▸ EXERCISE GOAL
Take the data below and write it out exactly, except for the pictures.

▸ INFORMATION PROVIDED
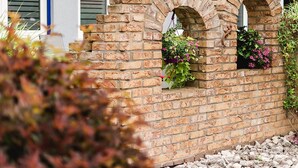 Un muro di mattoni con finestre ad arco e cesti di fiori appesi.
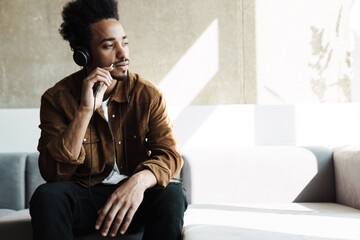 Photo of focused african american man using headphones and cellphone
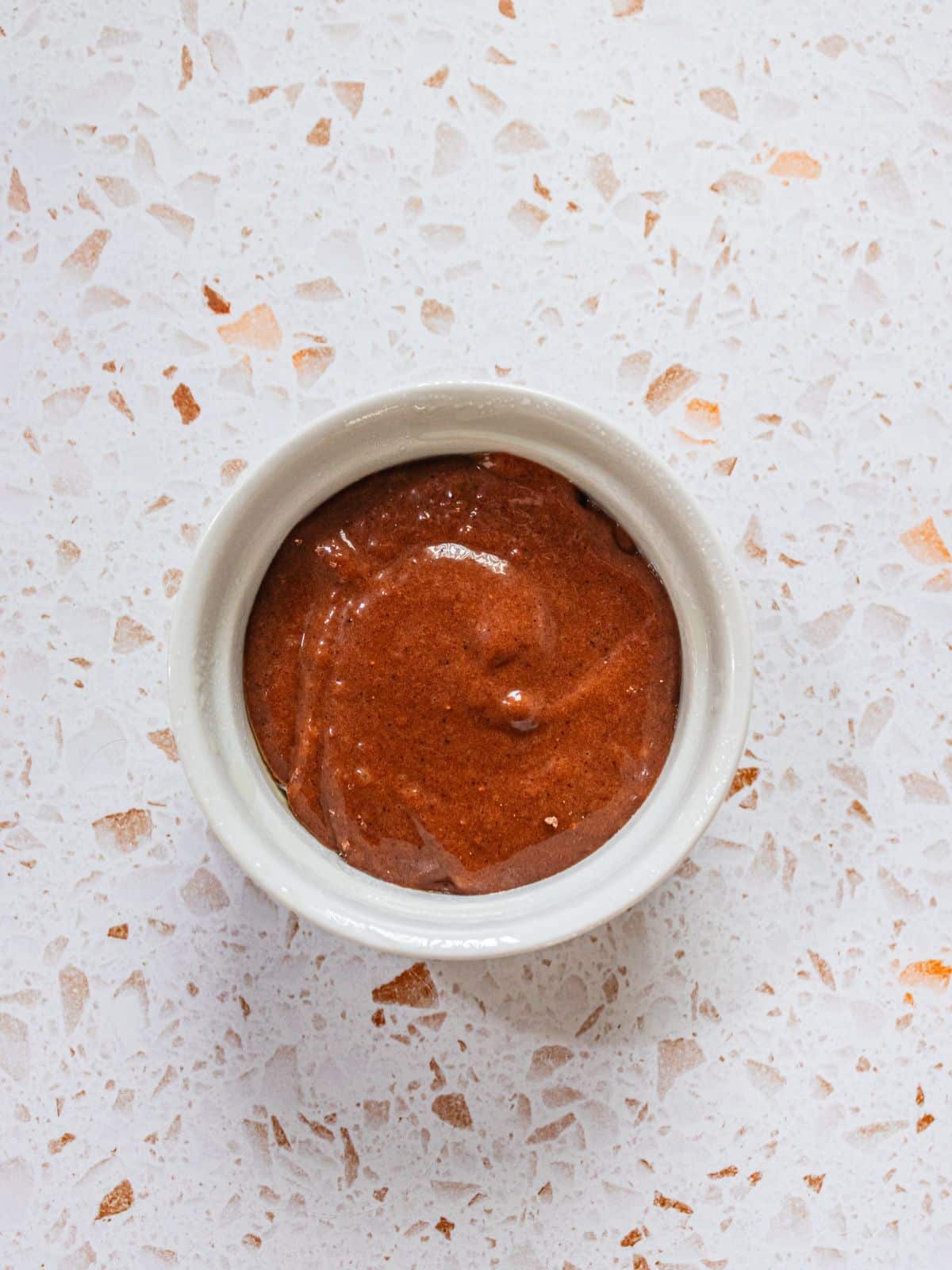 The mixture poured into a ramekin.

▸ TASK OUTPUT
 Un muro di mattoni con finestre ad arco e cesti di fiori appesi.
 Photo of focused african american man using headphones and cellphone
 The mixture poured into a ramekin.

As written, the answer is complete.